Now go to your home screen and touch an icon and hold it for a second or two. You will then see all icons wiggling. Web clips will show a black and white X on their corners. To delete a web clip, such as the one ZiPhone installs, simply click the X and delete.
Manually Add an English-Korean Dictionary
Korea is perhaps the 10th largest economy in the world, and yet iPod Touch does not include a Korean keyboard. I told you Apple sucked. Worse than that, you can’t install an English-Korean or Korean-English dictionary through the installer—at least, not yet. You have to do it manually.
First of all, install weDict via your iPod Touch Installer.
Next, what you’ll be doing is accessing your iPod Touch via the SSH protocol and copying files over.

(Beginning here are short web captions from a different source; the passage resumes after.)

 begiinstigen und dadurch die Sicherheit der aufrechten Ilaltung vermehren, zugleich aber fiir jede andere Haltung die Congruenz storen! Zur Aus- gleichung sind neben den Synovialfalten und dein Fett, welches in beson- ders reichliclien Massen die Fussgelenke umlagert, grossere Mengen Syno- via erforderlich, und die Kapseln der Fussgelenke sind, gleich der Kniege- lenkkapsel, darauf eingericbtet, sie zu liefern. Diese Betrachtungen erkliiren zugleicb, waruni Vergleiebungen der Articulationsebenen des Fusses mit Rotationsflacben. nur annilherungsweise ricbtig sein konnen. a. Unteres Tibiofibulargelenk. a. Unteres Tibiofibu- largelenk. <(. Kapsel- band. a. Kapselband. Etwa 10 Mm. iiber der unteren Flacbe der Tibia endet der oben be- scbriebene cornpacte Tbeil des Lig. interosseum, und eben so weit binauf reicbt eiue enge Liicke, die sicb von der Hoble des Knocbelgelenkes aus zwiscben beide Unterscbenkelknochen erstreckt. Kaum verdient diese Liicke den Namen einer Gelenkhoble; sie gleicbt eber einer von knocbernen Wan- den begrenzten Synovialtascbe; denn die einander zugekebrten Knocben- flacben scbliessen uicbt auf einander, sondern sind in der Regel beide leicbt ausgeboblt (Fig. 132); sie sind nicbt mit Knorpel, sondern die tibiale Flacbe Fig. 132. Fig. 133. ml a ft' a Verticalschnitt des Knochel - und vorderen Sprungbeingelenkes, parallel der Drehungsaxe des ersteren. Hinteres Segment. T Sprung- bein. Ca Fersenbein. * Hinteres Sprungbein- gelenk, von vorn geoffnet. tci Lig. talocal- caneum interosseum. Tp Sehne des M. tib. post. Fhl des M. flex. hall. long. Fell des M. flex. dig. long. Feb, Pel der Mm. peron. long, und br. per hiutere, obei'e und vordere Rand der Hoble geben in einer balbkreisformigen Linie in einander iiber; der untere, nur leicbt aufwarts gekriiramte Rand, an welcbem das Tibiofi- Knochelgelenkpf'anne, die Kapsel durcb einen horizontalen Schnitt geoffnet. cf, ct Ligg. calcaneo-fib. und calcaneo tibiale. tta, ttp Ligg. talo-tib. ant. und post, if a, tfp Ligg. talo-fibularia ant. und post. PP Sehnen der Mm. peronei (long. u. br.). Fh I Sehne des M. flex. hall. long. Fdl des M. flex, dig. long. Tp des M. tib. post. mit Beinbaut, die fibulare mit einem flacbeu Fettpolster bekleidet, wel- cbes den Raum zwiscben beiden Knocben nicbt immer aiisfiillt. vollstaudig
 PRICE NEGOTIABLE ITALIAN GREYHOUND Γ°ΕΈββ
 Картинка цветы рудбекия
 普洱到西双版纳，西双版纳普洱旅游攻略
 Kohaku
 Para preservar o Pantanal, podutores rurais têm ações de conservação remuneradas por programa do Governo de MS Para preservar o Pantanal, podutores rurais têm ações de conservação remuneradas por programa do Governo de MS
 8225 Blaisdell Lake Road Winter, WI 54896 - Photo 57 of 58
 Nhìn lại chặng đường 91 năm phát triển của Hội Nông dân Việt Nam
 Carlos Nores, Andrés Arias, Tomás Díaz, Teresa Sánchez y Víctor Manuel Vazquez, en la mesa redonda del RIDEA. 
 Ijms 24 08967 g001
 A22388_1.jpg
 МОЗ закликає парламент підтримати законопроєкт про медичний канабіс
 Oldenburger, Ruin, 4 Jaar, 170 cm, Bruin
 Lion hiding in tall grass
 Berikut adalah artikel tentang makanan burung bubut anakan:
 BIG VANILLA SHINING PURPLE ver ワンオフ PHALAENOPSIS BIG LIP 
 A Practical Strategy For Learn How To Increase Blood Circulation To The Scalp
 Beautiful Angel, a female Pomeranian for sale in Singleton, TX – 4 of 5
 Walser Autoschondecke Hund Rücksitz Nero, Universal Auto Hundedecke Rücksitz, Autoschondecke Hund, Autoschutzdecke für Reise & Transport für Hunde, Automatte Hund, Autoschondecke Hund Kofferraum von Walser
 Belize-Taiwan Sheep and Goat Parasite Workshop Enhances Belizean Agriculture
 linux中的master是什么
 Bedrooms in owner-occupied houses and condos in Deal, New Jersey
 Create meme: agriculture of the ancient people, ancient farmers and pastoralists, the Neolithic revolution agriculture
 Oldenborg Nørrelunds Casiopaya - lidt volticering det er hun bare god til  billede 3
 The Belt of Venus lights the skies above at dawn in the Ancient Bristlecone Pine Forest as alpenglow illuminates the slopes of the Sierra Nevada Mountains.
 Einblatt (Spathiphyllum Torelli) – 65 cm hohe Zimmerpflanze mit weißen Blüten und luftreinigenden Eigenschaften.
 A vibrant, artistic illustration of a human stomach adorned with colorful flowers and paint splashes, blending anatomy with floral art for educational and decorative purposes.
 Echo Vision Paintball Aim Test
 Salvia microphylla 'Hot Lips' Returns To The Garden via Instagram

I did this using my Linux machine, however, you can do the same in Windows or Mac.
In Windows, you could download Putty or WinSCP to do it. If you can install the Terminal v100 app on your iPod Touch, you could use that. Initially, I could not install the Term-v100 on 1.1.4. Later, after added the repos above, I was able to. So, here I’m just describing what I did without that app.
To begin, download the English-Korean files from Stardict. They’ll be in a tarball, so if you haven’t got Linux, you’ll need a good zip program that can unzip the formats involved. On Linux, there is dictzip program you can get especially for this; otherwise, other archiving programs will do the job. I believer you can rename the *.dict.dz file to *.dict.gz to unzip. More instructions are here and here.
Once unzipped, you only need the .dict and .idx files. For iPod Touch 1.1.3/4, these need to be copied to the /private/var/mobile/Library/weDict/ folder. For 1.1.1/2, copy them to the /private/var/root/Library/weDict/ folder. For people who don’t want to deal with the command line, I’d recommend using one of the windows programs above.
In Linux, I did this in a terminal window with the following instructions:
scp english-korean.dict root@192.168.0.9:english-korean.dict
and
scp english-korean.idx root@192.168.0.9:english-korean.xdx
Your Touch IP address may differ. You’ll have to got to your Wi-Fi settings to check what it is.
You’ll notice I didn’t nominate a directory to put them in. At the time, I wasn’t sure exactly where they were supposed to go, so I just got them onto the iPod first. Then I logged into the iPod and had a look around with this:
ssh root@192.168.0.9
If you have to logged on the username is of course “root” and the password is “alpine.” Don’t use “dottie” as specified on some sites. That is probably the password for earlier versions. For 1.1.4, use “alpine.”
I found where the weDict folder was and moved (mv) the english-korean.* files there. That’s all there is to it.
Now fire up weDict on your iPod and try a word to see if it gives you its Korean equivalent. If not, you’ll probably need to go into weDict’s settings and make sure there is a tick against “english-korean.”
Korean Keyboard
If you want to go the other way and search Korean-English direction, you’ll need a Korean keyboard. Unfortunately, this does not seem available to 1.1.4 users. You can install a Korean keyboard on iPod Touch 1.1.1 or 1.1.2, and instructions for that are on this site. If you can get a keyboard, then you can install the korean-english dictionary available on the Stardict site, in the same way as I’ve shown above.